Namun belum sempat dijual, korban yang merasa kehilangan kendaraannya langsung melabrak DS.

Bukan tanpa alasan, selain susah diatur bocah yang hanya sempat mengenyam pendidikan hingga kelas 5 SD (Sekolah Dasar) ini juga dikenal gemar mencuri.

Semula warga sempat memaklumi perbuatan pelaku. Hingga akhirnya, sekitar bulan Juni 2018 lalu. 

DS kedapatan mengambil mesin bor listrik milik salah satu warga yang tinggal disekitar rumahnya.

Lantaran geram sering membuat ulah, kasus tersebut akhirnya dilaporkan ke pihak kepolisian.

”Pada saat itu tersangka yang terbukti melakukan pencurian, divonis penjara selama 6 bulan dan baru bebas pada bulan November 2018,” terang Yulistiana.

Ditemui disaat bersamaan, tersangka DS mengaku jika sepeda motor yang pernah dicurinya tersebut merupakan kendaraan yang terparkir di halaman rumah milik warga. 
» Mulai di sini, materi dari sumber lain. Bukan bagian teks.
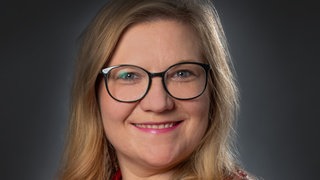 Johanna Mieder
Bahkan selain menyasar kendaraan yang terparkir di depan rumah korban yang hendak dia sasar. DS juga mengaku jika pernah melancarkan aksi pencurian sepeda motor di area persawahan.

”Ya hanya keliling cari mangsa, jika ada motor yang kuncinya tertinggal di kontak kendaraan ya saya ambil. Tapi selalu ketahuan, akhirnya motor yang saya curi dikembalikan,” terang bocah yang dibesarkan oleh orang tua angkat tersebut.

Meski sempat dijebloskan ke penjara karena kasus pencurian bor listrik, DS mengaku terpaksa kembali melancarkan aksi pencurian. 

Dia berdalih jika butuh uang saku untuk memenuhi kebutuhannya sehari-hari.

”Saya mencuri karena butuh uang jajan, biasanya uang hasil penjualan barang curian saya belikan rokok dan makanan,” tutup bocah yang kedua tanggannya dipenuhi dengan tatto ini.